〈「私の視点、私の感覚、私の言葉」での参加〉
裁きに関してよく述べられる新約聖書の言葉がある。「人を裁くな。そうすれば、あなたがたも裁かれることがない」、「自分の目にある丸太を見ないで、兄弟に向って『さああなたの目にあるおが屑を取らせて下さい』とどうして言えるだろうか」(マタイ福音書7章)。
法律には疎い裁判員の裁判関与は、憲法や法律という物差しで物の長短を計るものではない。最高裁を含め法曹3者が裁判員制度のキャッチコピーとして使っていた「私の視点、私の感覚、私の言葉で参加します」というフレーズは、裁判員集めには確かに格好な表現かも知れないが、本来、裁判では許されないことではなかろうか。
裁判員も裁判官であれば憲法76条3項に定める「その良心に従ひ独立してその職務を行ひ、この憲法及び法律にのみ拘束される」べきものであり、憲法でも法律でもない「私の視点、私の感覚、私の言葉」で人が裁かれたら、司法は崩壊することとなろう。我々が通常裁判官と称している者が、憲法や法律を度外視して裁判をしてよいはずがない。裁判員も裁判官であれば、私の視点・感覚・言葉での参加は許されない。それはまさに、法によってではなく、人が人を裁くことであり、人倫としても許されない(小堀桂一郎「裁判員制度の実施を許すな」2007.11.13、産経新聞)。
最高裁大法廷判決(2011.11.16)は言う。「裁判員制度は、司法の国民的基盤の強化を目的とするものであるが、それは国民の視点や感覚と法曹の専門性とが常に交流することによって、相互の理解を深め、それぞれの長所が生かされるような刑事裁判の実現を目指すものということができる」と。この判示は、上告趣意とは無縁の、最高裁の独演的発言であり無意味なものであるけれども、前記のキャッチコピーを容認する表現の部分について言えば、その判示は、裁判員は「国民の視点や感覚の提供者」であることに存在意義があり、法曹はその国民の視点や感覚をくみ上げて裁判をするという、いわば裁判員を裁判官の補助者のようなイメージで捉えているようである。

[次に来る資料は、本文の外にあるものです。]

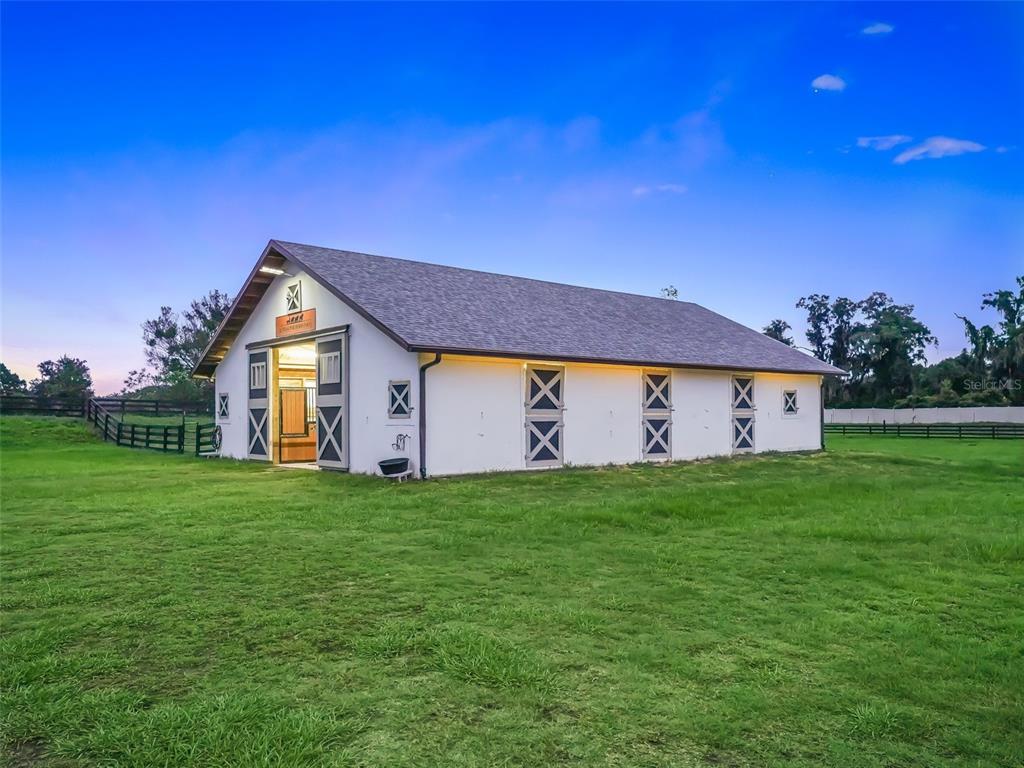 A white barn with a shingled roof stands in a grassy field at dusk — 7041 NE 22ND COURT ROAD, OCALA, FL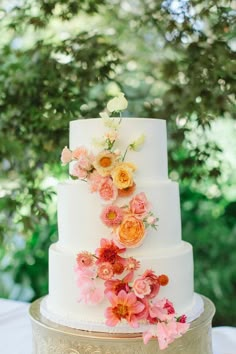 a white wedding cake with flowers on top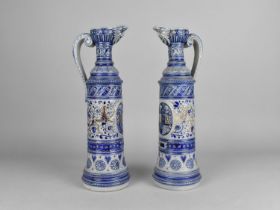 A Pair of German Salt Glazed Mask Head Ewers with Armorial Decoration in Relief, 35cms High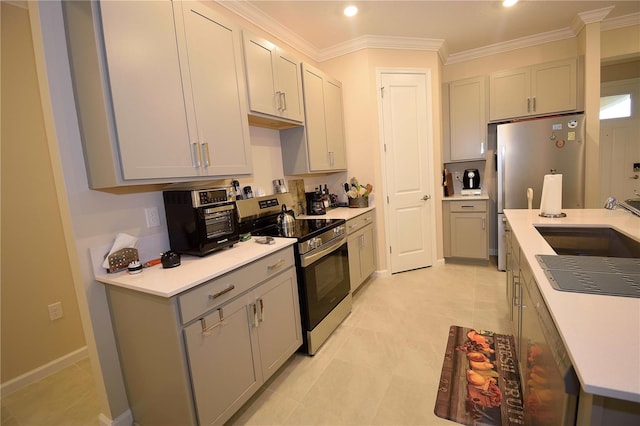 kitchen with gray cabinetry, stainless steel appliances, crown molding, sink, and light tile patterned floors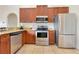Well-equipped kitchen with stainless steel appliances, wood cabinets, and granite countertops at 30041 Redoak Ave, Eustis, FL 32736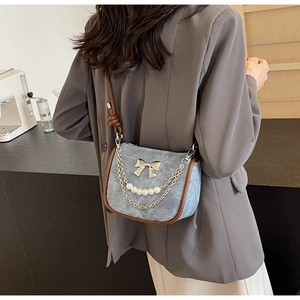 Detail of light blue crossbody bag featuring a silver bow and elegant pearl chain strap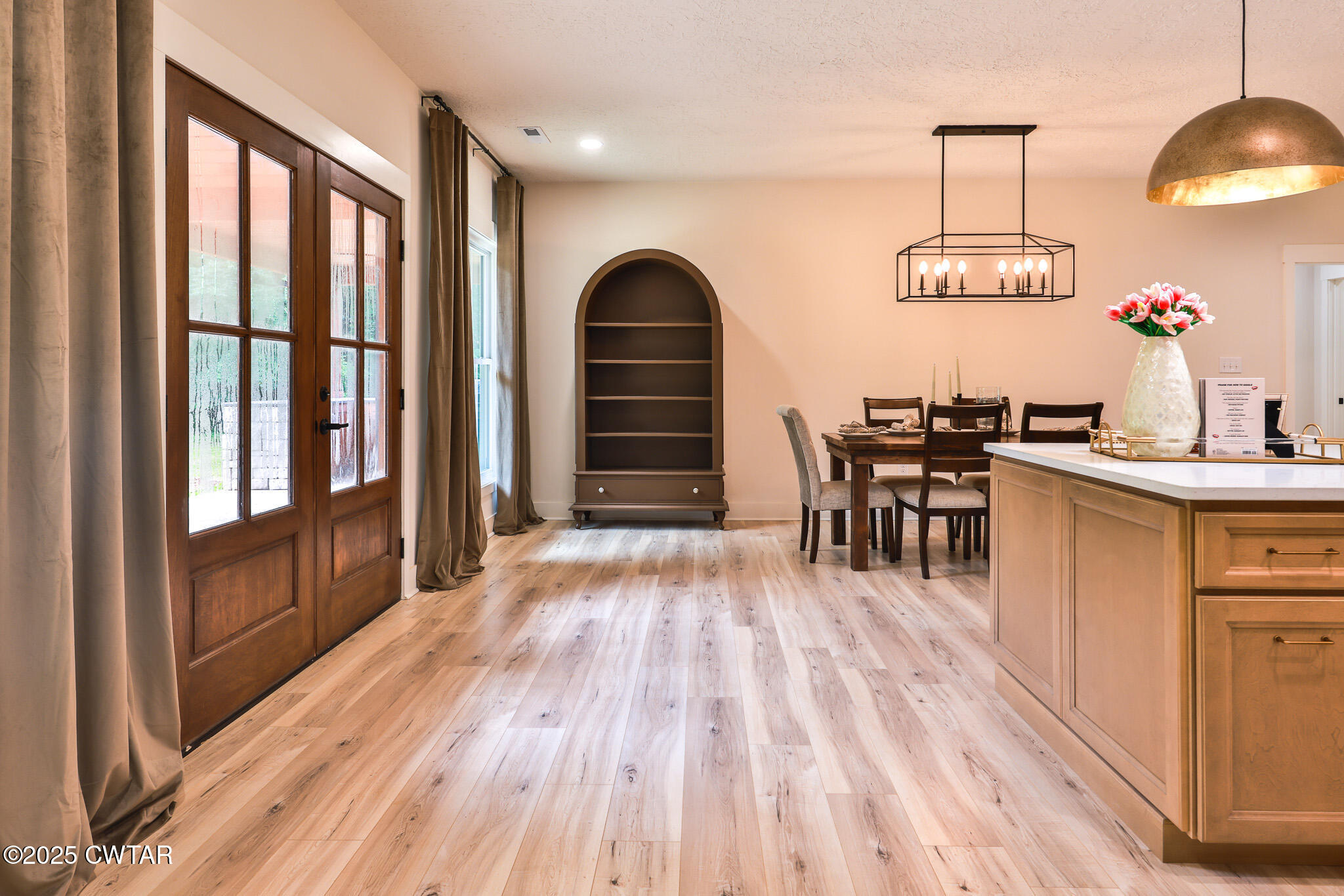 201 Trevathan Road Martin, TN 38237 - Photo 29 of 50 a dining room with furniture a chandelier and wooden floor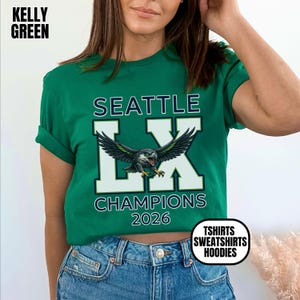 K&ouml;nnte beinhalten: Kelly-gr&uuml;nes T-Shirt mit dem Text "SEATTLE LX CHAMPIONS 2026" und einer Grafik eines Vogels mit ausgebreiteten Fl&uuml;geln. Das Shirt hat auch die Worte "TSHIRTS SWEATSHIRTS HOODIES" in einem wei&szlig;en Kreis.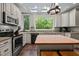 Beautiful kitchen featuring granite countertops, stainless appliances, and center island with bar seating at 9625 Collins Creek Dr, Chapel Hill, NC 27516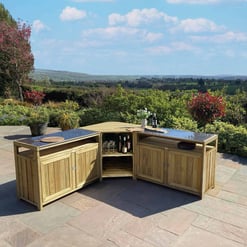 Outdoor wooden bar cart with glassware and wine bottles on a patio overlooking a lush garden and rolling hills, perfect for outdoor entertaining and garden decor.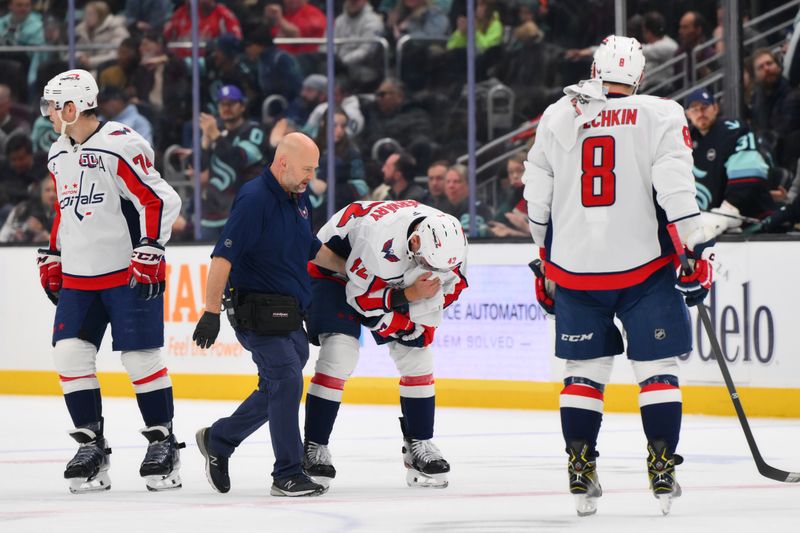 Jan 23, 2025; Seattle, Washington, USA; Washington Capitals defenseman Martin Fehervary (42) is helped off the ice after being hit in the face by the puck during the second period against the Seattle Kraken at Climate Pledge Arena. Mandatory Credit: Steven Bisig-Imagn Images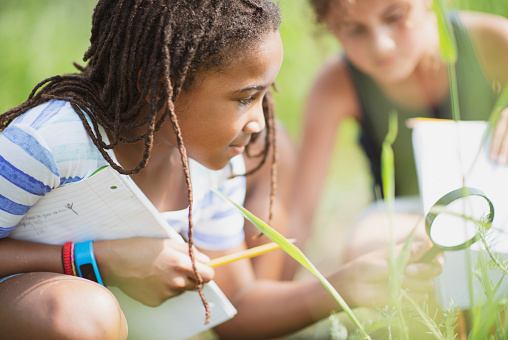 An elementary school girl of African descent is using a magnifying glass outdoors to look closer at the leaves on the ground.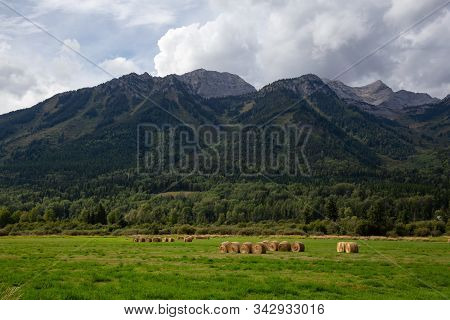 Bales Of Hay In A Farm Field With Canadian Rocky Mountains In The Background During A Vibrant Sunny 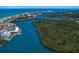 Expansive aerial view showcases the coastal community with beach, waterways, and lush mangrove islands at 17920 Gulf Blvd # 1901, Redington Shores, FL 33708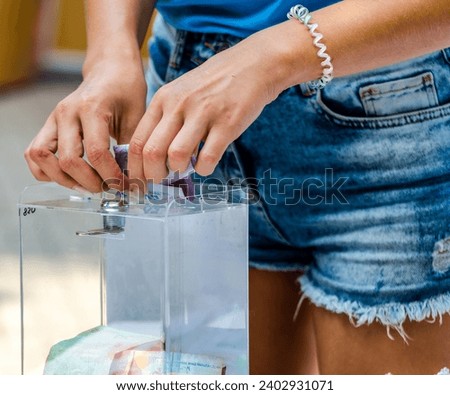 Image, Stock Photo charity fundraising donations fifty hryvnia in an acrylic box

しかし、裁判員法は、裁判員について、独立してその職権を行うとし(同法8条)、評議・評決を法曹と対で行うことと定めている(同法66条、67条)のであって、その職務は正に裁判官である。単なる国民の視点や感覚の提供者であってよいとかあるべきだなどとは規定していない。
〈「よかった」経験の疑問〉
裁判員の裁判関与は、前述の裁判員経験者が述べた「知識のないのに人の人生を左右する判断」を下すことである。「よかった」などと評し得るような経験であってはならず、むしろ苦しみ悩むべき経験であり、現に福島国賠訴訟の原告のように深刻に悩み苦しむようになってしまうこともあるのであって、他人の「よかった」とか「とてもよかった」などという経験談に踊らされて参加するようなことではない。あるいは、「よかった」経験と感じた人々は、裁判員としては好ましい人ではないのかも知れない。
〈人が人を裁く〉
有名な新約聖書のエピソードがある。律法学者たちやファリサイ派の人々が姦通の女を連れてきて、真ん中に立たせ、イエスに言った。「先生、この女は姦通をしているときに捕まりました。こういう女は石で撃ち殺せと、モーセは律法の中で命じています。ところであなたはどうお考えになりますか」と。これに対するイエスの答えは、「あなたたちの中で罪を犯したことのない者がまず、この女に石を投げなさい」であった。これを聞いた者は、年長者から始まって、一人また一人と立ち去ってしまい、イエスひとりと真ん中にいた女が残ったというものである(ヨハネ福音書8章)。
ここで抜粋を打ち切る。